C’est une vie qui traverse le monde tel qu’il est et qui un jour lui permettra d’être accomplie dans le Christ. C’est notre espérance.

Pour terminer, une troisième finalité de cette pastille, c’est qu’elle capable de produire de l’eau pure. Jésus dit :

« Allez, faites de disciples ! que tous aient ma joie en eux et qu’ils en soient comblés. »

C’est la béatitude de voir s’accomplir aujourd’hui déjà le règne de Dieu dans le monde, peut-être en regardant « les saints de la porte d’à côté », comme dit le Pape François, ceux que nous ne voyons, la voisine qui fait son petit chemin de sainteté que je n’ai même pas remarqué et qui devrait me réjouir. C’est le moment pour porter les bons fruits du Saint Esprit :

« Revenez à ces bons fruits : la joie de Dieu, la paix, l’humilité, la maîtrise de soi… »

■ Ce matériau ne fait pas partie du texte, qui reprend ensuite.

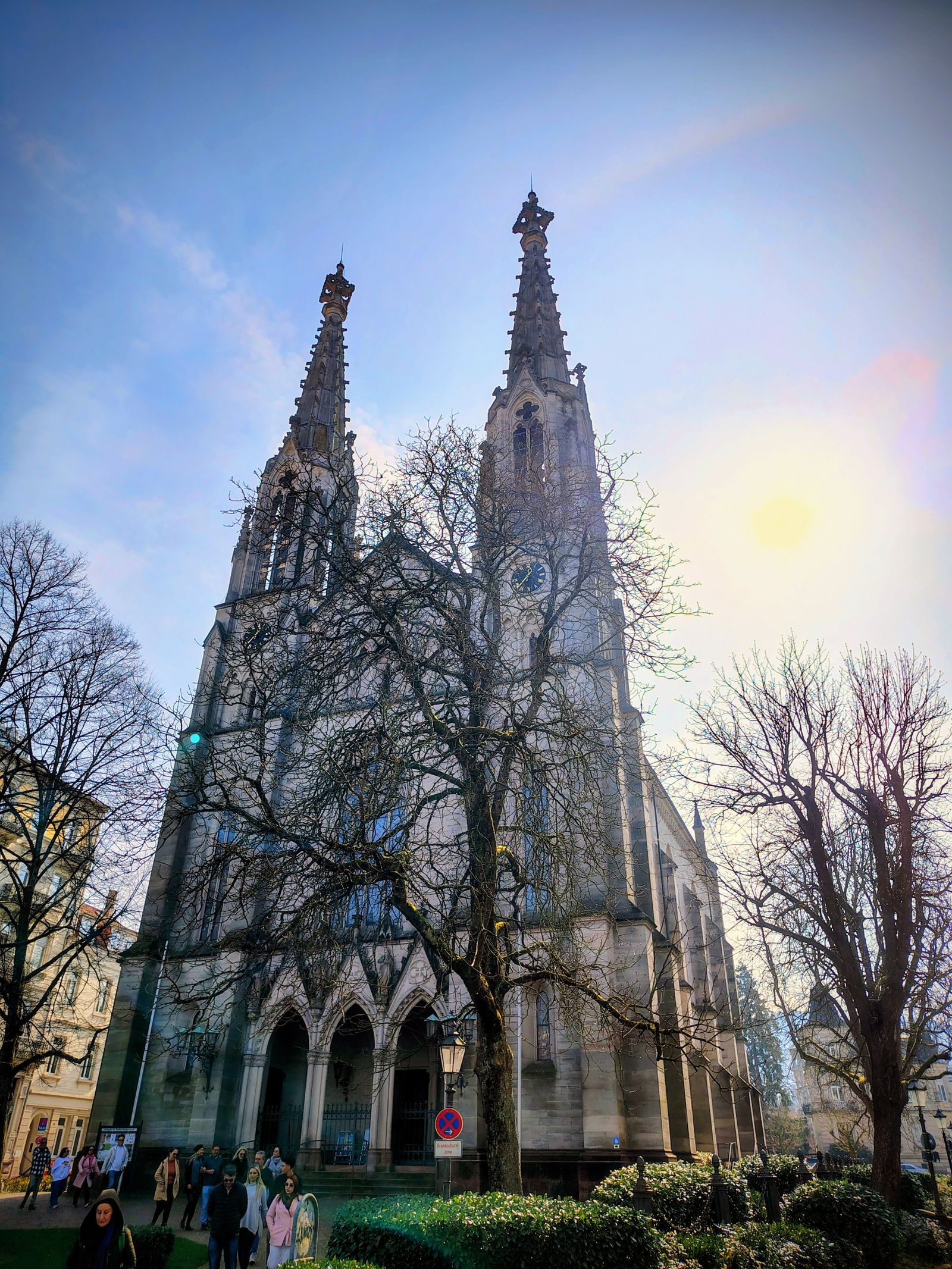 A Gothic spire over the old town, caught against a bright March sky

Ce n’est pas très moderne, mais c’est la vraie vie et nous pouvons y adhérer, nous pouvons nous y exercer. Et l’évangile de ce jour en révèle les trois fruits les plus essentiels, qui sont les plus opposés de l’esprit du monde : la fidélité à Dieu, l’unité en Christ et la vérité…

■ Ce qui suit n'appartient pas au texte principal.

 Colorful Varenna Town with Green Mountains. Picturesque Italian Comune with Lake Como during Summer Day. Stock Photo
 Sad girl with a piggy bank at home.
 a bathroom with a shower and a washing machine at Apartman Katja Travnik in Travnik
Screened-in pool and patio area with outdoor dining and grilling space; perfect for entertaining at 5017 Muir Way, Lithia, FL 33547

Demandons ainsi ces grâces au Seigneur dans notre vie, là où nous sommes, pour être des disciples de cette bonne nouvelle dans ma famille et dans le monde qui m’entoure.

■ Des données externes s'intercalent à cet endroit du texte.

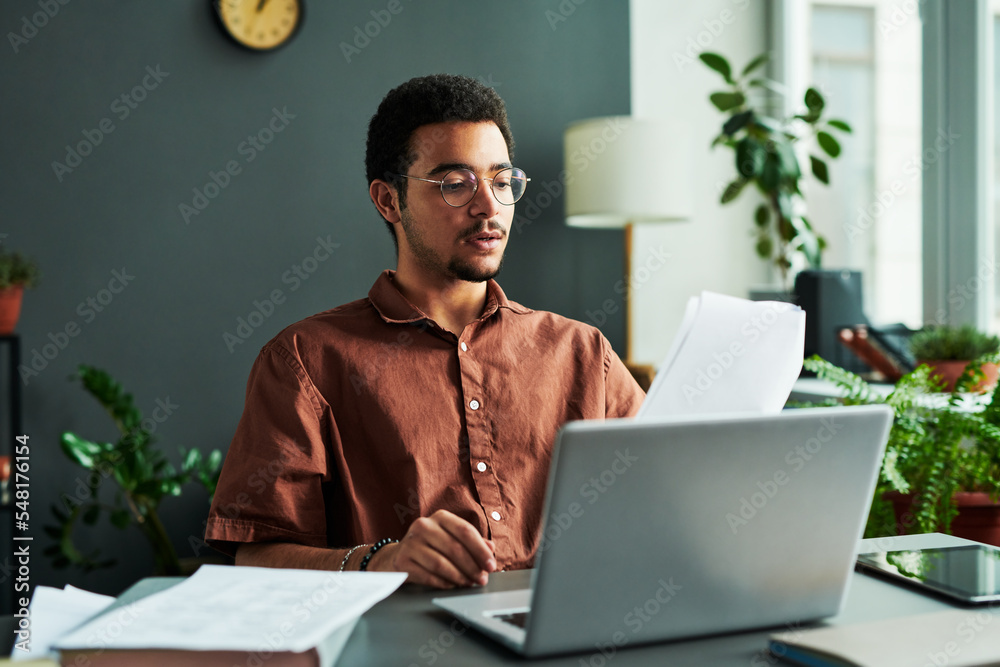 Poster young confident man with papers sitting by workplace in front of laptop and making report or explain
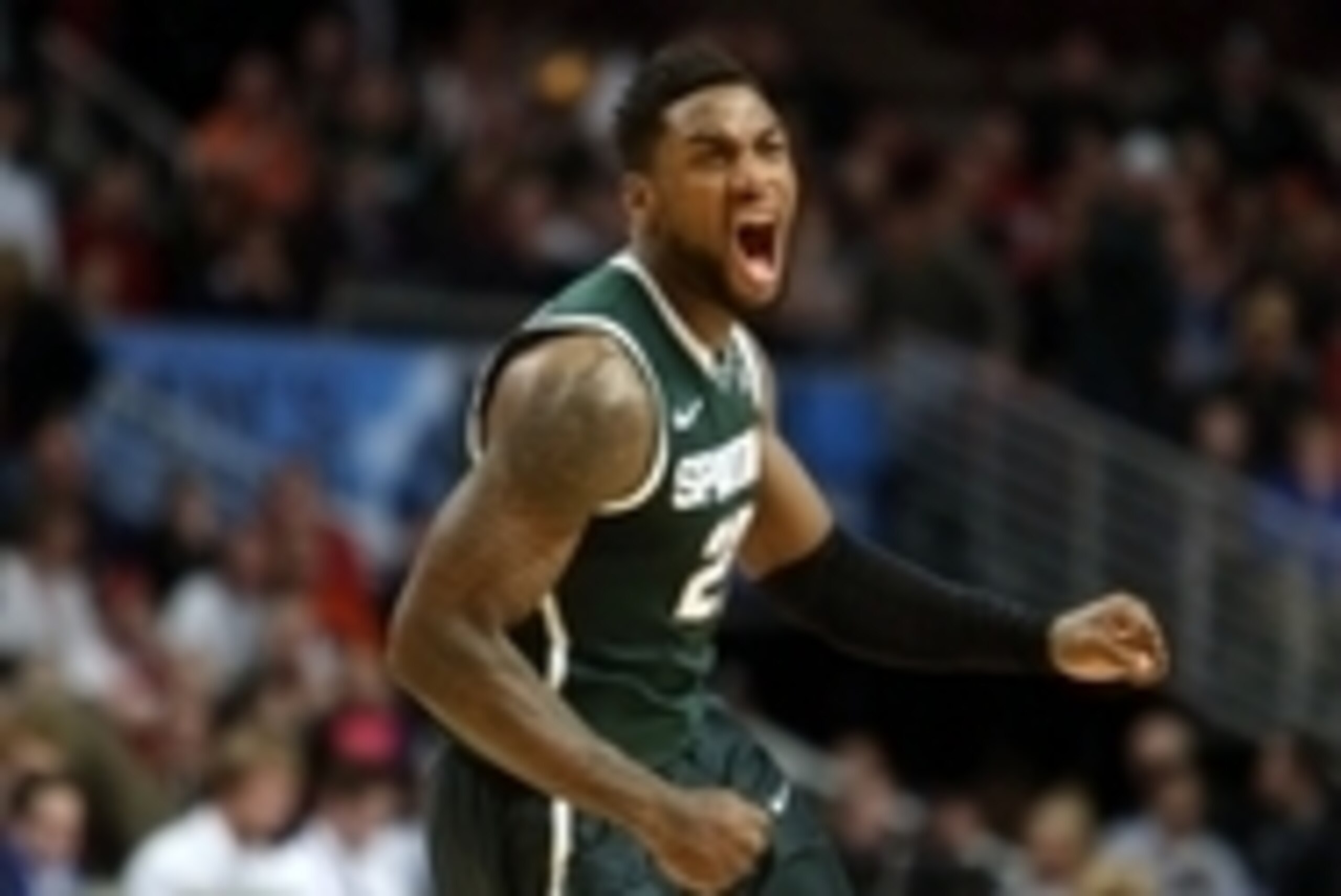 Mar 15, 2015; Chicago, IL, USA; Michigan State Spartans guard/forward Branden Dawson (22) reacts as he heads into a timeout against the Wisconsin Badgers during the second half in the championship game of the Big Ten Tournament at United Center. Mandatory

Ainsi, avec Marie et les apôtres qui sont au Cénacle et avec lesquels nous méditons cette semaine, frères et sœurs, priez très fort l’Esprit-Saint d’apprendre à discerner ce que Dieu veut pour nous, son aide est indispensable. C’est le travail de toute une vie que de se laisser questionner par la Parole, de nous engager, chacun selon notre appel et notre vocation, à cet enfantement du monde, et de nous émerveiller, surtout, de voir que les promesses de Dieu s’accomplissent tous les jours,

Amen !


Références des lectures du jour :

  • Livre des Actes des Apôtres 1,15-17.20a.20c-26.
  • Psaume 103(102),1-2.11-12.19-20ab.
  • Première lettre de saint Jean 4,11-16.
  • Évangile de Jésus-Christ selon saint Jean 17,11b-19 :

En ce temps-là, les yeux levés au ciel, Jésus priait ainsi : « Père saint, garde mes disciples unis dans ton nom, le nom que tu m’as donné, pour qu’ils soient un, comme nous-mêmes.
Quand j’étais avec eux, je les gardais unis dans ton nom, le nom que tu m’as donné. J’ai veillé sur eux, et aucun ne s’est perdu, sauf celui qui s’en va à sa perte de sorte que l’Écriture soit accomplie.
Et maintenant que je viens à toi, je parle ainsi, dans le monde, pour qu’ils aient en eux ma joie, et qu’ils en soient comblés.
Moi, je leur ai donné ta parole, et le monde les a pris en haine parce qu’ils n’appartiennent pas au monde, de même que moi je n’appartiens pas au monde. Je ne prie pas pour que tu les retires du monde, mais pour que tu les gardes du Mauvais. Ils n’appartiennent pas au monde, de même que moi, je n’appartiens pas au monde. Sanctifie-les dans la vérité : ta parole est vérité.
De même que tu m’as envoyé dans le monde, moi aussi, je les ai envoyés dans le monde. Et pour eux je me sanctifie moi-même, afin qu’ils soient, eux aussi, sanctifiés dans la vérité. »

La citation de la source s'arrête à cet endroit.